The FCC currently has two categories for CBSDs: Category A refers to a lower power base station and Category B refers to a CBSD that must be deployed outdoors and has higher maximum power limits compared with Category A devices.
According to AT&T’s presentation (PDF), it is advocating a proposal to allow a new Category C CBSD with even higher power, which would allow for “operational, technical flexibility” and enable additional 5G use cases for CBRS as a midband anchor for 5G New Radio (NR).

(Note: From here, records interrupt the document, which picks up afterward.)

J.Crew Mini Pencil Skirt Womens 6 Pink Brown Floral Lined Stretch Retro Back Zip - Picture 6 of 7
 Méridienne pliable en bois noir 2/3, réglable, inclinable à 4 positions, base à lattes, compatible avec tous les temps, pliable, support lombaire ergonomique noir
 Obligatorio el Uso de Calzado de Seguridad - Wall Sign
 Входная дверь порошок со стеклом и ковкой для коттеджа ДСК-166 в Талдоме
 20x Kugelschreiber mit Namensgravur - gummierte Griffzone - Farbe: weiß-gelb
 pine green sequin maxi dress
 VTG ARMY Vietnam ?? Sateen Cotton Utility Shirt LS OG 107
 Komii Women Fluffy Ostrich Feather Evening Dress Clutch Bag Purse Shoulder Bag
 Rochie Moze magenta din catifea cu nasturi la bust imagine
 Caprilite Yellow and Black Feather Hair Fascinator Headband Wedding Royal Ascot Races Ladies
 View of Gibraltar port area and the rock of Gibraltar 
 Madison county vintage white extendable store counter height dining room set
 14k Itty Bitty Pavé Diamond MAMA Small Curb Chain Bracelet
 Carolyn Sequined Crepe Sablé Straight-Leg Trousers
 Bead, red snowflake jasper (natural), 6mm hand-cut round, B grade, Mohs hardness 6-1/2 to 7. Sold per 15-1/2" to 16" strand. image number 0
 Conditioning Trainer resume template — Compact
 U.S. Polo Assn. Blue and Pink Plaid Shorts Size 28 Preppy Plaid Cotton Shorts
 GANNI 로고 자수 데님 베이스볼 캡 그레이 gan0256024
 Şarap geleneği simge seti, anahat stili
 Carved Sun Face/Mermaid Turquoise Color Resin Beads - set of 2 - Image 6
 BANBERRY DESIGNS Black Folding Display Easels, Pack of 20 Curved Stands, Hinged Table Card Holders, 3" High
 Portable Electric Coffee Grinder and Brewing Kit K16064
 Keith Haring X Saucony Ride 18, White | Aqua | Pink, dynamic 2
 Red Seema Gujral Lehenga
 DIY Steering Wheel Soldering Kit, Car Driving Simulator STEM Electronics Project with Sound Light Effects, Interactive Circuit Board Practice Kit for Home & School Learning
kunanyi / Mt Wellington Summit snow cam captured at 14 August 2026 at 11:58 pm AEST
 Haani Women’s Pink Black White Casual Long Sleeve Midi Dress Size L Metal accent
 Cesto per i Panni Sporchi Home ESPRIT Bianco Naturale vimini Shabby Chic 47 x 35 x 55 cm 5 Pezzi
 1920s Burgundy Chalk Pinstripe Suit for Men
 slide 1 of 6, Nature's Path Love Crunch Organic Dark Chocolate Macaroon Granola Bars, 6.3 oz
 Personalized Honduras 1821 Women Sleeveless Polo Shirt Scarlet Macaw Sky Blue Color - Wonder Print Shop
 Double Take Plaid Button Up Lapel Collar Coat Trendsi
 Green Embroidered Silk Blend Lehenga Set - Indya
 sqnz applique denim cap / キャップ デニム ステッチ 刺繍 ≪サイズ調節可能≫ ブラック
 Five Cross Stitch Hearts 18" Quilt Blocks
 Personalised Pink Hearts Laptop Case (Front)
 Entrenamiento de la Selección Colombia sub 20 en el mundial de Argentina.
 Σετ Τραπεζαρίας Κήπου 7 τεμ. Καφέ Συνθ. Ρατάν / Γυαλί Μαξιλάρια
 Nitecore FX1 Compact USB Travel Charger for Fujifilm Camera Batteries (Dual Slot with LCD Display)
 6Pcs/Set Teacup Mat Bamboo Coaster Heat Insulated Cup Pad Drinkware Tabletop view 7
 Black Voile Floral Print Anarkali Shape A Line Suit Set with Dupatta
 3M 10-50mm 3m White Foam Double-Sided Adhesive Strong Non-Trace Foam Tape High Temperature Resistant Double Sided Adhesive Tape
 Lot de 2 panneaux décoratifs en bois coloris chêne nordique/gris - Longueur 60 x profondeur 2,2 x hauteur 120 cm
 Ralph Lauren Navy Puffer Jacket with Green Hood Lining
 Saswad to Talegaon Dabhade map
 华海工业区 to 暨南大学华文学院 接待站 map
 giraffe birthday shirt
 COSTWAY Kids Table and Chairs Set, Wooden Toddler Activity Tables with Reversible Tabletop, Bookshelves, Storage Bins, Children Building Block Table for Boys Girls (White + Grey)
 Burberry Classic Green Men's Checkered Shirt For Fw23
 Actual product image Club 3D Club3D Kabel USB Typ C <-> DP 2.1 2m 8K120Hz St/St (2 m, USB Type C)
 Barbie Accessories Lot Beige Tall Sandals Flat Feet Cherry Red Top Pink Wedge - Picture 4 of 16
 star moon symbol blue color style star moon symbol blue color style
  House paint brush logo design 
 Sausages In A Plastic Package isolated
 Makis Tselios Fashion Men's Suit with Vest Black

Specifically, it proposes the addition of a third category with maximum allowable Equivalent Isotropically Radiated Power (EIRP) up to 62 dBm/10 MHz. EIRP refers to the total RF power radiated by the antenna. For Cat A devices, it’s 30 dBm/10 MHz and for Cat B CBRS devices, it’s 47 dBm/10 MHz
Under certain conditions, as determined by the Spectrum Access Controller (SAS), Cat C devices could take advantage of midband propagation characteristics, but AT&T said its proposal would continue to protect incumbents and not impact current SAS certifications.
The proposal comes as the CBRS industry prepares for initial commercial deployments in the General Authorized Access (GAA) portion of the band. The Priority Access License (PAL) portion of the band involves the auctioning of licenses and that’s not expected to happen until next year.